*** Data in this exercise ***

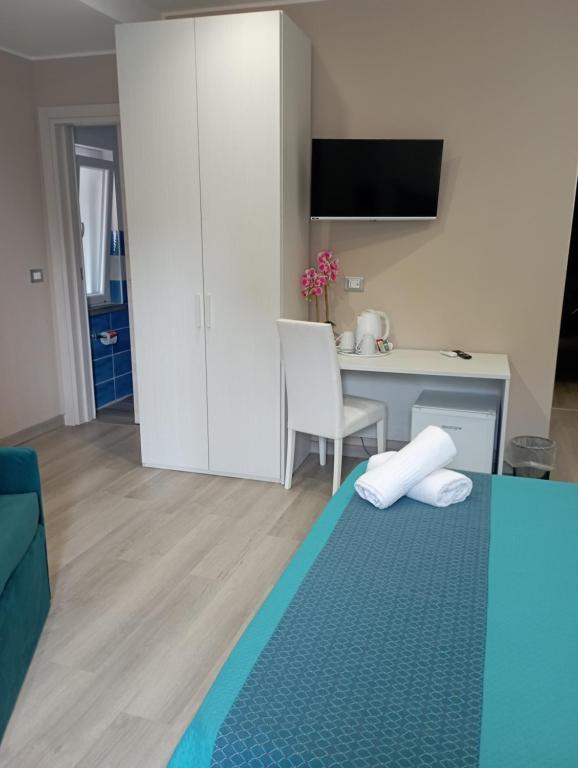 A bed or beds in a room at B&B Civico 64 Scalea
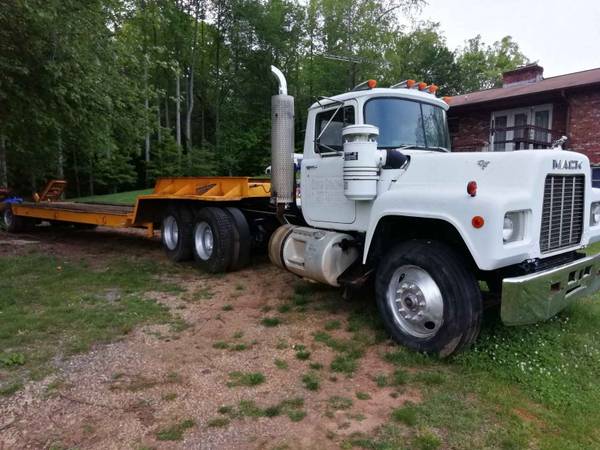 1989 Mack R688ST truck and trailer for sale in Glenwood, NC – photo 2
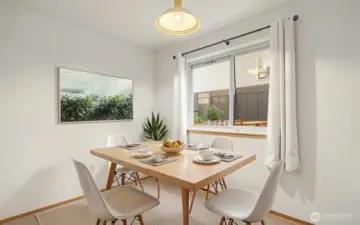 Dining Area has been Virtually Staged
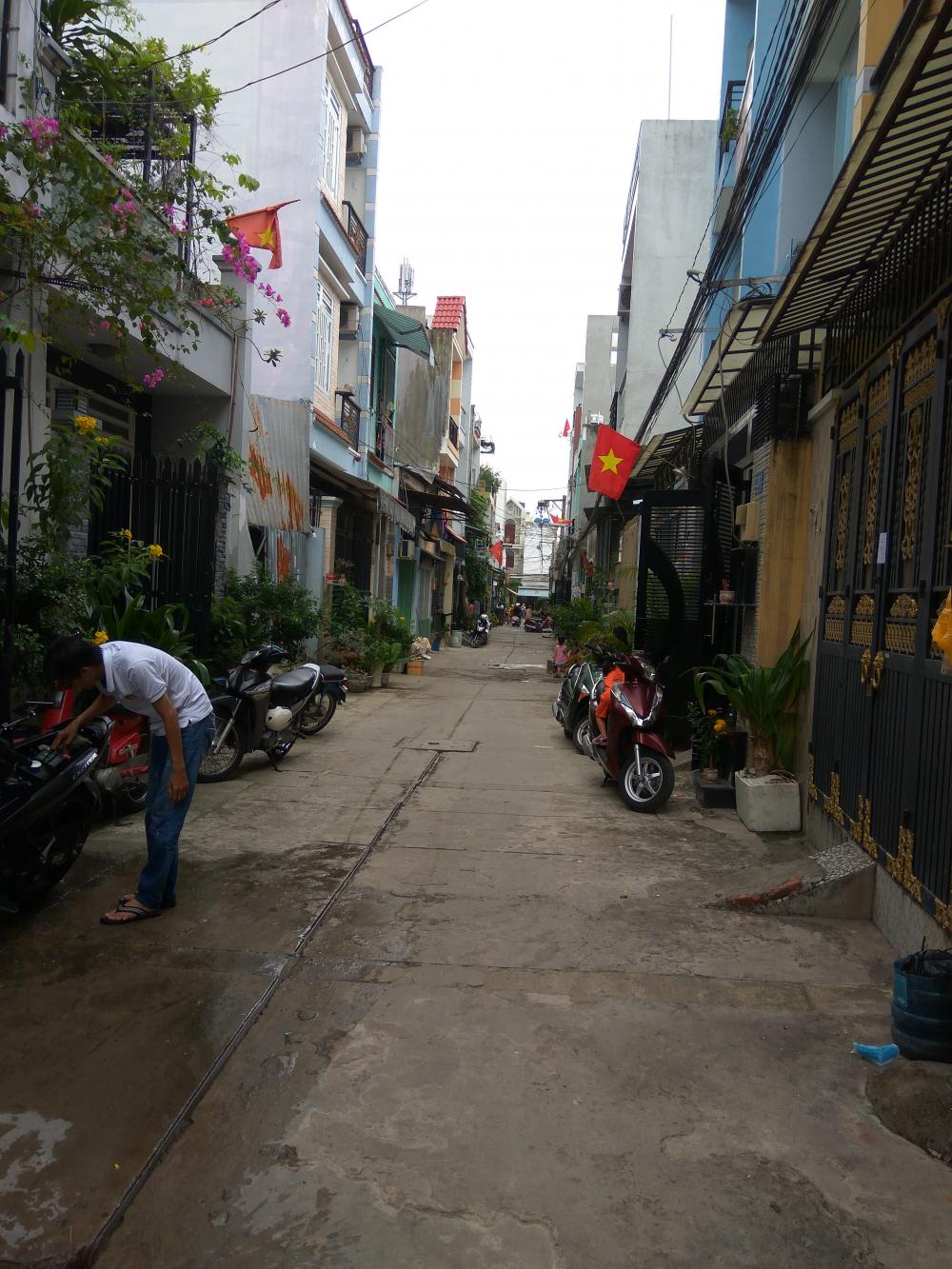 Cho thuê nhà riêng tại Đường Mã Lò, Phường Bình Trị Đông A, Bình Tân, Tp.HCM diện tích 150m2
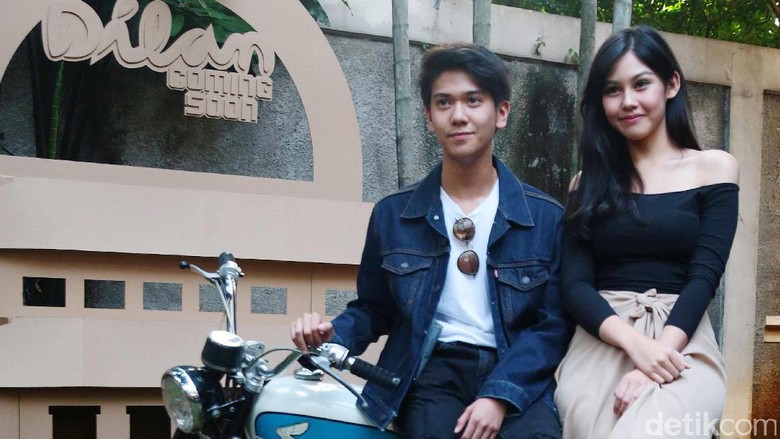 Bagaimana Cara Fajar Bustomy Siasati Latar 90an untuk Film Dilan Bagaimana Cara Fajar Bustomy Siasati Latar 90an untuk Film Dilan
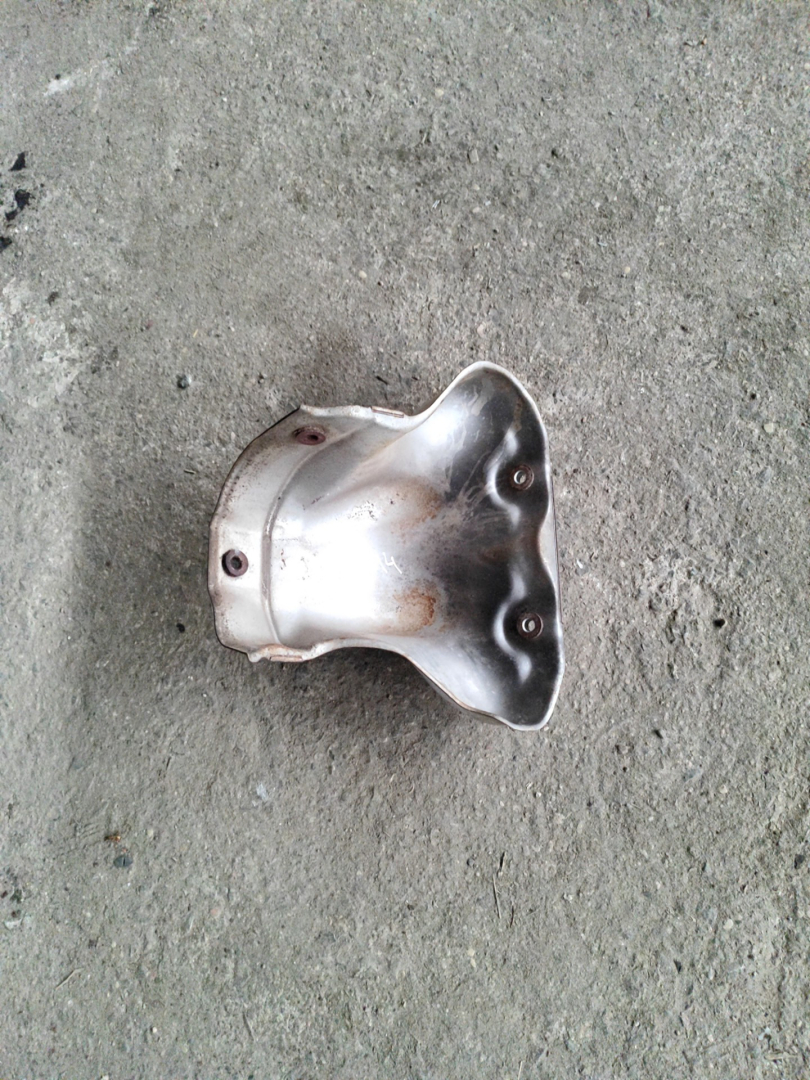 защита (экран) выпускного коллектора Honda Accord 7 поколение 2005, 2.0 л., K20Z2, бензин, МКПП - фото №1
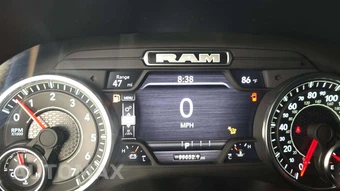 2025 Ram 1500 Laramie Crew Cab Short Bed - miniatura 21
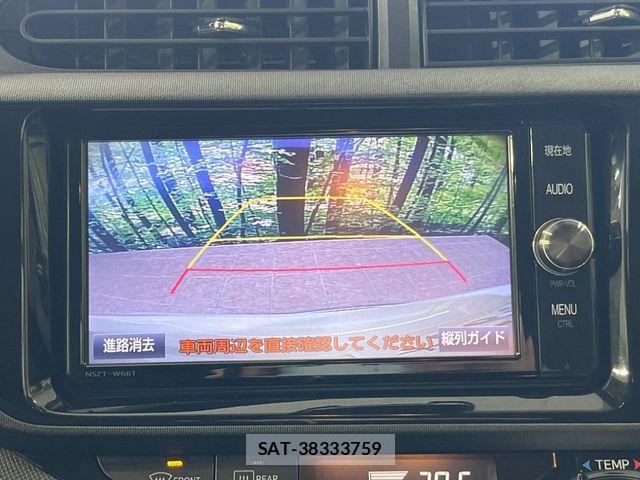 Toyota AQUA 2017-02 7214774-3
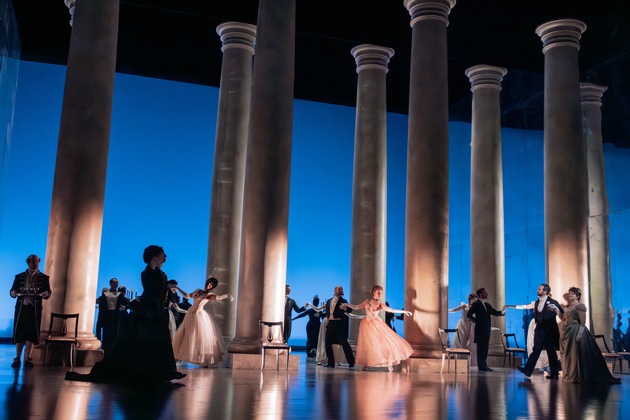 Clasart Classic bringt am 2. Mai Tschaikowskis leidenschaftliches Drama EUGEN ONEGIN live aus der Met ins Kino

*** End of Data in this exercise ***

• [Instructions for the task]:
When you reach the line with "1989 Mack R688ST" in the records above, start writing out each line exactly, and stop after the line with "Cho thuê nhà". Pictures stay out.

• [Task solution]:
 1989 Mack R688ST truck and trailer for sale in Glenwood, NC – photo 2
 Dining Area has been Virtually Staged
 Cho thuê nhà riêng tại Đường Mã Lò, Phường Bình Trị Đông A, Bình Tân, Tp.HCM diện tích 150m2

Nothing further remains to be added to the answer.